Yet, at the time of her birth, on August 26, 1918,  the odds of reaching such a human achievement were remote at the best, if not impossible. It was the time when women were not encouraged to pursue high degrees or math and sciences. Moreover, Katherine Johnson was a Black woman, born in a segregated America. Hence,

the odds stuck against her were almost impossible to overcome. According to Katherine, her dad had taught her early on in life that she was as "good as anybody in [the] town" but  always to remember that she was "no better." She had to work hard to deserve what she wanted to achieve.

She followed her dad's lesson. After graduating  from high school at 14, she enrolled in college and graduated  from West Virginia State University at 18, when Blacks were not given opportunities to go beyond 8th grade, let alone to college. She excelled in mathematics and perfected Geometry. 

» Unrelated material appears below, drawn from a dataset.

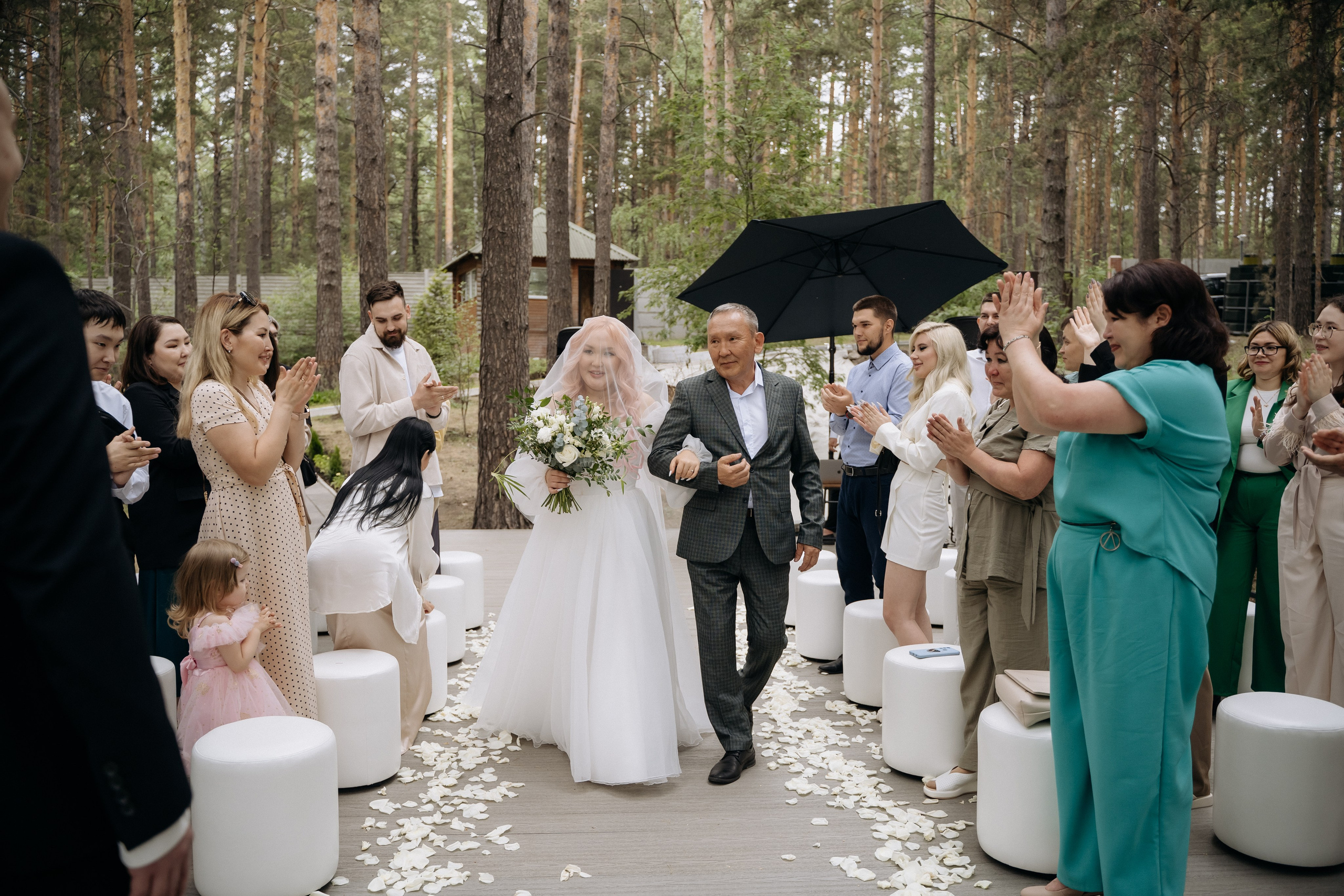 Расиль и Саша. Свадебный и семейный фотограф в Новосибирске Наталья Зорина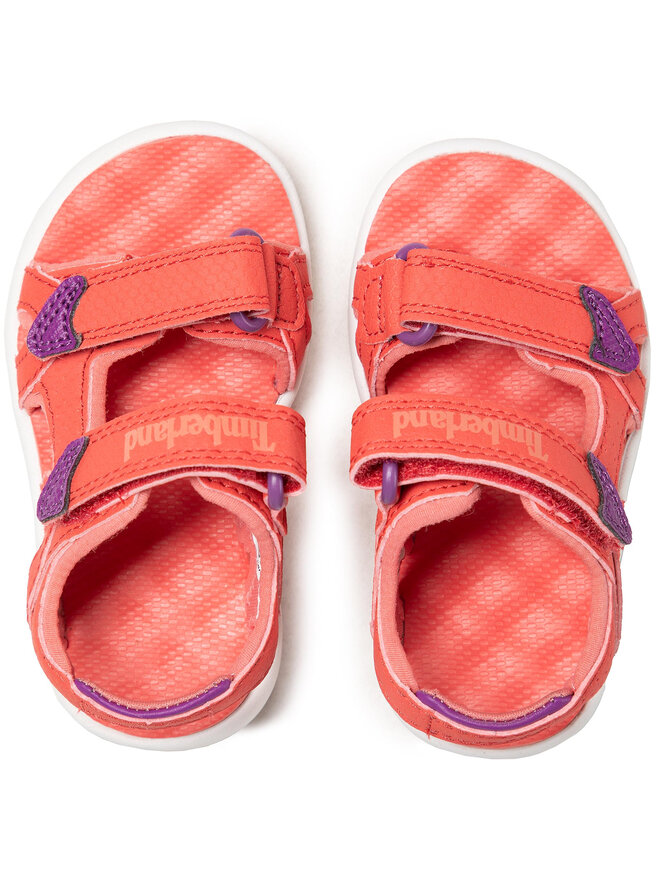 Timberland Sandály Timberland Perkins Row TB0A2D3C8011 Červená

Upon graduation, she taught math in High School in rural Virginia until she joined NASA Langley Research Center as part of a group of women known as "human  computers", tasked with checking and validating calculations made by then advanced computers, but now considered as rudimentary.

 Among the "human computers" were also two other African-American women: the mathematician and computer scientist Dorothy Vaughan and the mathematician and aerospace engineer Mary Jackson. For the Apollo 11 mission, Katherine Johnson  was given the critical role of calculating orbital trajectories and flight times relative to the position of the moon and  to validate computer estimates. Her motto has been that "In mathematics your are either right or you are wrong." She was right and her manual calculations matched  those from the computers.

NASA, Apollo 11 crew, the American people, and the World saw the humanity's achievement of landing on moon and coming back. What most did not know, and perhaps better at the time given the perception of  Black  and Women by the society, was that the mission depended on the calculations by a Black,  African-American woman, Katherine Johnson.

On November 24, 2015, Katherine Johnson, then 97, the Black woman who propelled Human Rights and Humanity, thanks to her abilities and math genius, right as math can be, received the Presidential Freedom medal from President Barack Obama, the first African-American president. On May 5, 2016, at Langley Research Center in Hampton, Virginia, a research center, rightly named Katherine G. Johnson Computational Research Facility was dedicated to her.  

She sang in a church choir for 50 years and has great-grandchildren. She is featured in an upcoming biographical drama film, Hidden Figures, in which stars Empire's Cookie, Taraji P. Henson.